The Tsemes Bay (also Tsemess Bay and Novorossiysk Bay; Russian: Цемесская бухта, Tsemesskaya bukhta) is an ice-free bay located on the north-eastern coast of the Black Sea, in Krasnodar Krai of Russia. It takes its name from the Tsemes River which flows into the bay. The depth of the sea varies from 21 to 27 meters. The length of the bay is 15 kilometers; its maximum width is 9 kilometers. It is delimited by the Sudzhuk Spit and by Cape Doob.

Although navigation is affected by strong autumn and winter bora winds (up to 220 kilometers per hour), ancient Greek navigators frequented the bay and established the colony of Bata on the shore. Michael Rostovtzeff explained this by the lack of any other decent harbours along the coastline between the bay and Batumi to the south. During the Middle Ages the Ghisolfi merchant family of Genoa controlled the coast.

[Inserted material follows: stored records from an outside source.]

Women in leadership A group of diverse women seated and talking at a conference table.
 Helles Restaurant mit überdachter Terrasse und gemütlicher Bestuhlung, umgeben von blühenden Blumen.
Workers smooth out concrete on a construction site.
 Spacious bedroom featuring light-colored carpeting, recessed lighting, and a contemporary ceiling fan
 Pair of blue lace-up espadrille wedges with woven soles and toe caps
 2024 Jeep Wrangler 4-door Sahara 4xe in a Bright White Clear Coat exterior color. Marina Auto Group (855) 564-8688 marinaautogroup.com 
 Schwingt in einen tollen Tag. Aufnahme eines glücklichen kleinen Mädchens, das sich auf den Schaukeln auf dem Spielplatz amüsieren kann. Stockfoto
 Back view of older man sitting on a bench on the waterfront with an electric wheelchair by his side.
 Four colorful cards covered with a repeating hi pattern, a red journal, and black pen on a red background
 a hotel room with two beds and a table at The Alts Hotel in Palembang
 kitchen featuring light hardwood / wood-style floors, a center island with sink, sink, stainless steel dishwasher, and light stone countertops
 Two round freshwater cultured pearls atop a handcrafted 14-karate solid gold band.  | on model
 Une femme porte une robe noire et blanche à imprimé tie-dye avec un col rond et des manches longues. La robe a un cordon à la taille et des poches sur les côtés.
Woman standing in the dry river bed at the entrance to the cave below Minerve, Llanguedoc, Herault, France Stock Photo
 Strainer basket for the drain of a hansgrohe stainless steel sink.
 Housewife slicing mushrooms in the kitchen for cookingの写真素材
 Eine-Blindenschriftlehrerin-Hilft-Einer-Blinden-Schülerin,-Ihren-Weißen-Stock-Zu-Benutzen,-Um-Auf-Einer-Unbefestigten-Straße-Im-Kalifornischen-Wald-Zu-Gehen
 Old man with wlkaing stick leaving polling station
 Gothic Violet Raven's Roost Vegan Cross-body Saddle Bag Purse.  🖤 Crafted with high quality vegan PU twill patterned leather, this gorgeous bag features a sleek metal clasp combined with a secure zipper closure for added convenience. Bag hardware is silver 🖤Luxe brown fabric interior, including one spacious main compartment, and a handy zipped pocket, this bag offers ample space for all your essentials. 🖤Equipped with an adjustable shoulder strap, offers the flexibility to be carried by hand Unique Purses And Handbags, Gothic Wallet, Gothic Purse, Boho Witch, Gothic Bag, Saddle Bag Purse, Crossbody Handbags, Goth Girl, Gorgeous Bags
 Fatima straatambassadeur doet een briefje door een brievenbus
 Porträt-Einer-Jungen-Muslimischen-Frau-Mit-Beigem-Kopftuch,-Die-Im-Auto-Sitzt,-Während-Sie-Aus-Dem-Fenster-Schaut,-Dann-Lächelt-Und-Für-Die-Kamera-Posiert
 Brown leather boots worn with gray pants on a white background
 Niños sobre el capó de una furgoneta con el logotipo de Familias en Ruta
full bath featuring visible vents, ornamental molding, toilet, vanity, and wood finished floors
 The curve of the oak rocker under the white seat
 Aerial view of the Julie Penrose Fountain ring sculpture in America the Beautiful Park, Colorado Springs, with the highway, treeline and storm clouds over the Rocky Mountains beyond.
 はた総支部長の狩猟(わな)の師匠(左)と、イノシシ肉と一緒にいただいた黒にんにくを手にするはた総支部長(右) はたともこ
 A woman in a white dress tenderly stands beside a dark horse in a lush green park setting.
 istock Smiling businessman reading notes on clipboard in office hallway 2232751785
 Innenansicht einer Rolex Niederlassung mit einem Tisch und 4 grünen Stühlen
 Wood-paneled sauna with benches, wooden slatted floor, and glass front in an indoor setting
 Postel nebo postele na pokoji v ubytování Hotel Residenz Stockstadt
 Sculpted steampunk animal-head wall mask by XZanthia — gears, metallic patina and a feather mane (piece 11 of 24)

Novorossiysk, founded by Russians in 1838 as a military facility, is the chief port on the bay. In June 1918 Soviet Navy crews scuttled several ships of the Black Sea Fleet in the bay to avoid their transfer to the Germans. Several notable shipwrecks occurred in Tsemes bay, including that of SS Admiral Nakhimov in 1986. Following the 1992 establishment of the Caspian Pipeline Consortium, the Commercial Seaport of Novorossiysk has emerged as the busiest oil terminal in the Black Sea. The southern portion of the bay, with the minor resort of Kabardinka, is administered from Gelendzhik (see Gelendzhik Bay).